Rudy suddenly made the connection and smiled, his memory kicking in. “Then Matt would have been your grandfather, I take it.”
“Did you know grandpa, too?” I said.
“My father, who had this store before me knew him better,” Rudy said. “But I met him a couple of time. Your dad, too. How’s Clay doing these days?”
“He’s doing all right,” I said. “He’s semi-retired but still comes into the office every now and then.”
“Well, you just tell Clay that Rudy Berger says hello next time you see him,” Rudy said.
“I’ll do that,” I said. “And it was nice to meet you, Rudy.” I walked out of the shoe store and turned east and began walking toward the delicatessen.
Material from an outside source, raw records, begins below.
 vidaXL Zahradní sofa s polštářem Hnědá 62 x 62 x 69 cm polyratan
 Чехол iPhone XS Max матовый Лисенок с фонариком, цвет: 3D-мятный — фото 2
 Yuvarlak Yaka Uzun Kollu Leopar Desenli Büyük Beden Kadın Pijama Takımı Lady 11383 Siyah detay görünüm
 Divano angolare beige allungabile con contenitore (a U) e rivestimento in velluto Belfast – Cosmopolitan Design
As I walked, I fished my cell phone from my pocket and hit the speed dial button for Dad. It rang four times before Dad answered, almost out of breath. “Never fails,” Dad said when he came on the line. “I could be sitting next to my phone all day and it doesn’t ring, but the minute I sit down on the toilet…”
“Sorry, Dad,” I said. “Next time why don’t you just take the phone with you and lay it on the sink?”
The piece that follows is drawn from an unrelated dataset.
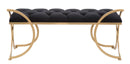 Panca Glam Luxy Nera 103x43x47 cm in Ferro e MDF e Spugna e Poliestere Nero e Oro-4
“Next time,” Dad said. “What’s up?”
“I was just talking to a man who told me to say hello to you for him,” I said.
“Yeah?” Dad said. “Who was that?”
“Rudy Berger over at the shoe store on the boulevard,” I said. “Said he knew grandpa, too.”
“Rudy,” Dad said, sounding like he was happy to hear the name again. “Sure, how’s Rudy doing these days?”
“Well,” I said, “when I talked to him a few minutes ago he sounded pissed. Seems somebody broke his picture window and he had a high deductible.”
“The dirty bastard,” Dad said. “We had trouble like that in this neighborhood oh, about ten or twelve years ago. They never caught the guy, either.”
“Well, I don’t think it’s the same guy,” I said. “In fact, Rudy thinks it’s a kid shooting chrome nuts out of a slingshot. They found a half-inch chrome nut just inside among the broken glass.”
“They’re probably more affordable than ball bearings,” Dad said. “Do they have any idea who’s doing this?”
“Nothing yet,” I said. “But there have been three instances all within this neighborhood. Listen, I’m just about at the second place that was hit. Let
me call you back later.”
I closed my phone and walked south on Highland for two more blocks. As I got close to the delicatessen I could see a service truck parked directly in front of the store. On the side of the truck I noticed a large circle with GGR painted inside. Below that it said Grover Glass Replacement. Seems to me that was the same company that Rudy said was coming to fix his window. Then I saw by the address that was painted under the company name that they were located just a few blocks away. I guess it would make sense to use someone that close.
The two men had lifted the large glass pane in place with a couple of suction cup devices attached to handles. I had to step around the glass installers to get into the deli. I found a middle-age woman behind the counter. She might have been considered attractive if it had not been for the hair net bunching her hair up, flat on her head. I stepped up to the counter and asked for Sam Perkins.
“He’s not in today,” the woman said. “Can I help you?”
I gave her a business card and told her about my visit to the shoe store and that I’d gotten Sam’s name from Rudy Berger.
“Terrible,” the woman said. “Just terrible. Seems you can’t turn your back for a minute without some damn kid breaking something. This makes two times someone has broken that window in the past eighteen months.” She gestured toward the front window with her chin.
“Were you here when this happened?” I said.
The woman shook her head. “No,” she said, “I only work on Monday, Wednesday and Friday. This happened three days ago on my day off. I’m glad to see the window back in place. It’s been pretty dark around here having to work behind sheets of plywood.”
“Well,” I said, “would you give Mr. Perkins my card and tell him I stopped by?”
She agreed she would, smiled and then called out the next number from the ticket machine. A man stepped up to the counter and presented his ticket. I left the shop and walked back up to Hollywood Boulevard and turned east. When I got to the corner I crossed the street. Saul Green’s clothing store was just a few blocks away. I made it there in six minutes.